**What you should do:** Number of lines with "Used" in the listing: report it, and nothing else.
____________
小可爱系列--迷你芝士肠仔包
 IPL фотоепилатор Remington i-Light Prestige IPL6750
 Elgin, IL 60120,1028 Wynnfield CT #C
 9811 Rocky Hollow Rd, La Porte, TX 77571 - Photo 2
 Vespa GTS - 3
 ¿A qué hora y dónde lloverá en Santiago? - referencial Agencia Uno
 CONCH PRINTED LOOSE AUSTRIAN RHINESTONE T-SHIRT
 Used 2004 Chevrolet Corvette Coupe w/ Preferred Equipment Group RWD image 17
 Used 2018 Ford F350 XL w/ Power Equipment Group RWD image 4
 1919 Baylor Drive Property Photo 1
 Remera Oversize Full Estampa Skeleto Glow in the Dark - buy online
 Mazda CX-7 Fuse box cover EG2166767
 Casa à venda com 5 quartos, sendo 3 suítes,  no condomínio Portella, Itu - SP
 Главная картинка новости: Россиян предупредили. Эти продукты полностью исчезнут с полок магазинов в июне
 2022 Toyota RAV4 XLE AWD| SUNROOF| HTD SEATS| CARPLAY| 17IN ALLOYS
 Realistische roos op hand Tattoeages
____________
**Solution to this exercise:** 2